Print the line that contains "[병리학] 담석증에 관해-4" and every line after it through the last line of the records below, exactly as written and nothing else.

▸ Scraped caption text data
+ + +

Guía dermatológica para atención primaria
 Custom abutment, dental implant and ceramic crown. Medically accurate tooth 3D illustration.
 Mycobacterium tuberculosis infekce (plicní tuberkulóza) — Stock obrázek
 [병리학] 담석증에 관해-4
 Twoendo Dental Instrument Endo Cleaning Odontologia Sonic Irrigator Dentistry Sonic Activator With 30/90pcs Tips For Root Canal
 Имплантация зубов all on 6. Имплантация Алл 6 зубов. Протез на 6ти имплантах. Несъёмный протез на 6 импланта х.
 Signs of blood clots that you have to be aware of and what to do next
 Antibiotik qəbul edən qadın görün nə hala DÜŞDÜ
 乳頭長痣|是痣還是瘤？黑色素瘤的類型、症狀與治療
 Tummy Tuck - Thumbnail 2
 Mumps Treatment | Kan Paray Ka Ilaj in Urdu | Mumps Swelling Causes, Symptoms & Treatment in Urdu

+ + +

▸ EXERCISE ANSWER
 [병리학] 담석증에 관해-4
 Twoendo Dental Instrument Endo Cleaning Odontologia Sonic Irrigator Dentistry Sonic Activator With 30/90pcs Tips For Root Canal
 Имплантация зубов all on 6. Имплантация Алл 6 зубов. Протез на 6ти имплантах. Несъёмный протез на 6 импланта х.
 Signs of blood clots that you have to be aware of and what to do next
 Antibiotik qəbul edən qadın görün nə hala DÜŞDÜ
 乳頭長痣|是痣還是瘤？黑色素瘤的類型、症狀與治療
 Tummy Tuck - Thumbnail 2
 Mumps Treatment | Kan Paray Ka Ilaj in Urdu | Mumps Swelling Causes, Symptoms & Treatment in Urdu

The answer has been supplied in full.